Common Mistakes With Sales Differentiation
Sales differentiation is essentially the practice of clearly defining and communicating a company or product’s value proposition in a way that sets it apart from the competition. Buyers are turned off by repetitive jargon and marketing terms used to describe a product or service. Instead, they want to understand that product or service’s value to their business goals and how that product or service meets those goals in ways that a competitor can’t.
Often, sales representatives fail to do this succinctly or effectively, usually because of one of three reasons:
They Focus Too Much on What Makes Their Product or Service “Unique”
It’s important to note here that a differentiator does not have to be something unique; in fact, when considering how to best communicate a product or service’s value proposition, thinking only in terms of what makes that product or service unique is often counterproductive, if not completely inaccurate. When explaining what makes their product or service unique, sales representatives will often point to something like how their technology is customized specifically to a buyer’s industry, or their team’s experience, or their superb customer service. Though these are all valid differentiators, none of these truly make a company unique. Lots of companies have all these things, and claiming otherwise deters instead of engages most savvy B2B buyers who’ve heard similar claims from other vendors many times before.
On the off chance that a salesperson correctly identifies something that really does make their product or service unique (for example, if there’s is the first or only company or product of its kind, or if they’re the biggest in their industry), that still might not convey the true value of the product or service (what value does being the first or only or biggest provide to a customer?). These unique differentiators might be anecdotally interesting, but unless they somehow help a customer’s business needs (be it saving money or time, increasing sales, or any other number of measurable outcomes), they’re not enough to differentiate the product or service from the competition. Rather than focusing solely on what makes a company or its products unique, sales representatives must constantly demonstrate their company or product’s value to the customer.

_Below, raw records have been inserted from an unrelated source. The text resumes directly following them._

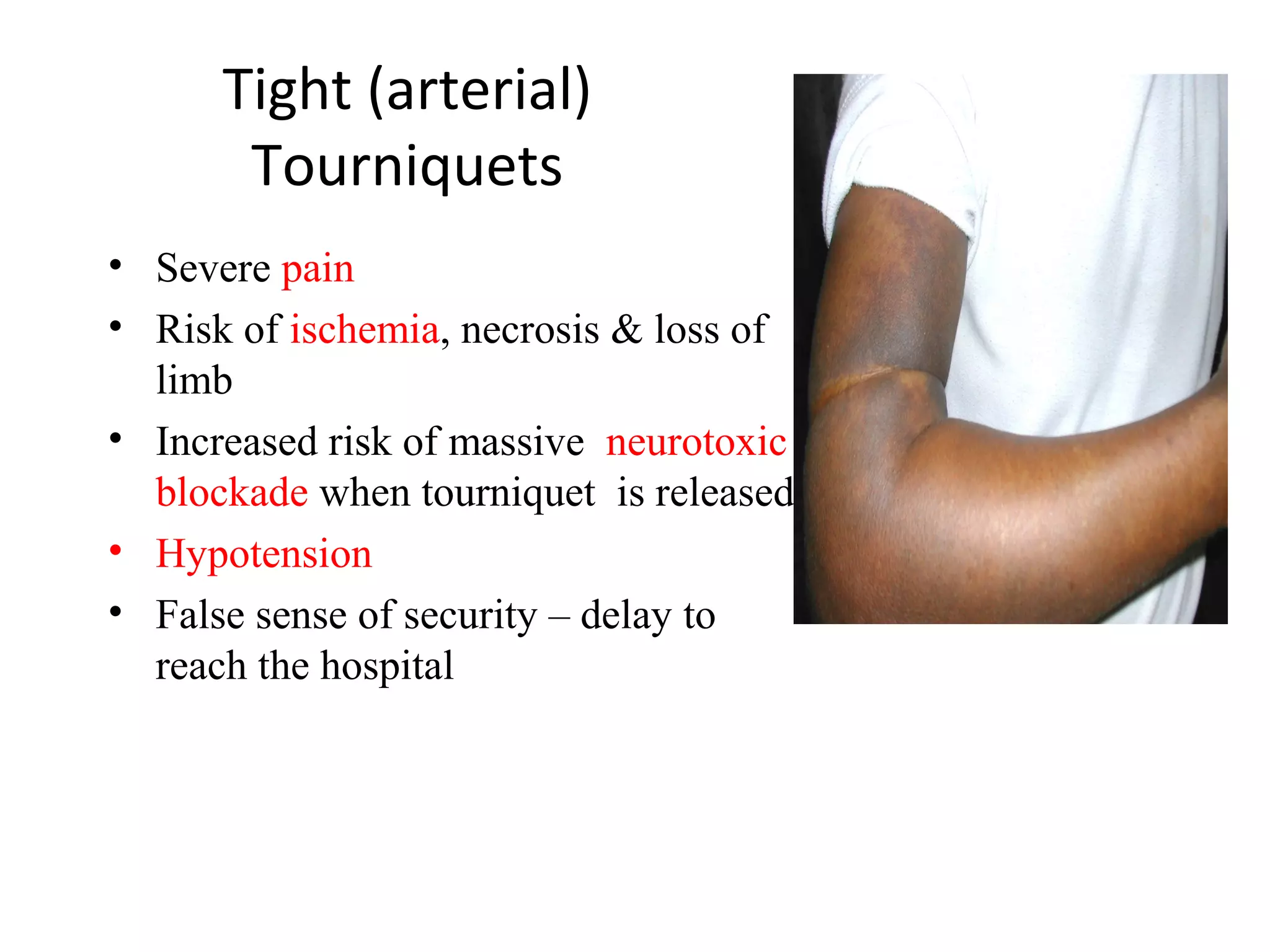 Tight (arterial)
Tourniquets
• Severe pain
• Risk of ischemia, necrosis & loss of
limb
• Increased risk of massive neurotoxic
blockade when tourniquet is released
• Hypotension
• False sense of security – delay to
reach the hospital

They Focus on Only One Differentiator
In an effort to focus their value proposition, sales representatives will often return to one talking point or one feature of their product that differentiates them from their competition. “This product is the fastest in the industry,” they’ll say, or “This product is the easiest to integrate into your current sales stack.” Whatever the one differentiator is, they will constantly steer the sales conversation back to it, lauding it as the single best reason why a buyer should buy their product or service over a competitor’s.

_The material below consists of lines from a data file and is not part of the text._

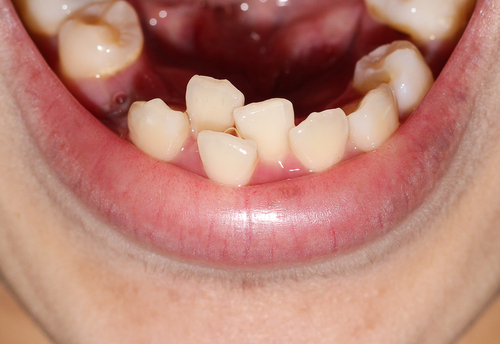 Overlap Teeth Crowding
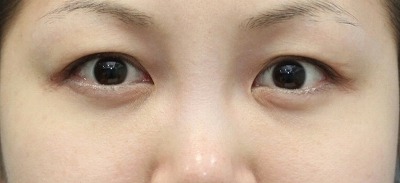 新宿ラクル美容外科クリニック　山本厚志　「切らない目の下のたるみ取り」　リデンシティⅡ　手術後１ヶ月目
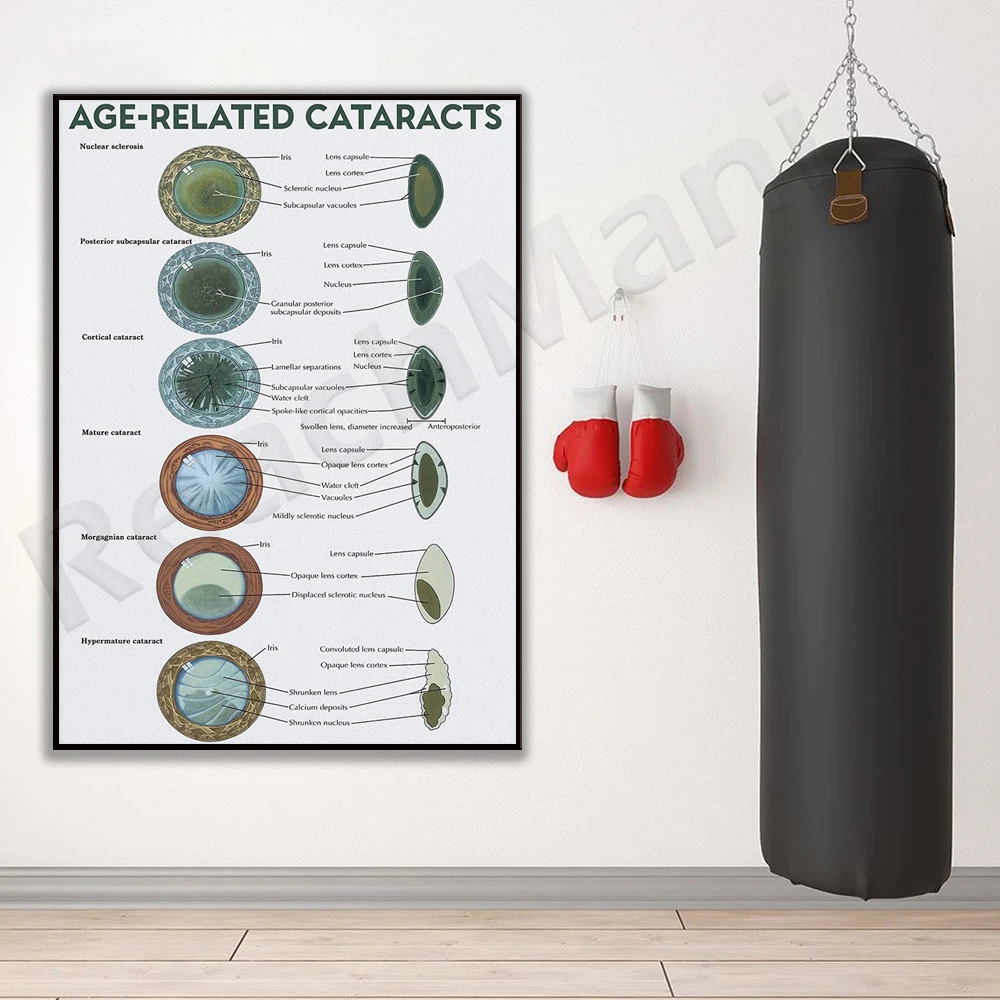 Eye related cataract poster, cataract awareness wall art, eye health wall decoration, eye disease anatomy diagram art print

Modern B2B buyers are sophisticated and multifaceted. They recognize that there are multiple factors that determine whether a product or service is a good fit for their business. By reducing a product or service’s value proposition to one differentiator, sales professionals oversimplify the buyer’s reason to buy, weakening the argument to select their product or service over a competitor’s. Real differentiation is best expressed not through one aspect of a company or product but rather through a mix of many aspects to create an overall distinction in the buyer’s mind. Not only is that overall distinction more defensible and more difficult for competitors to replicate; it also appeals to the rational sophistication of most B2B buyers, making them more likely to consider a company or product as a viable option.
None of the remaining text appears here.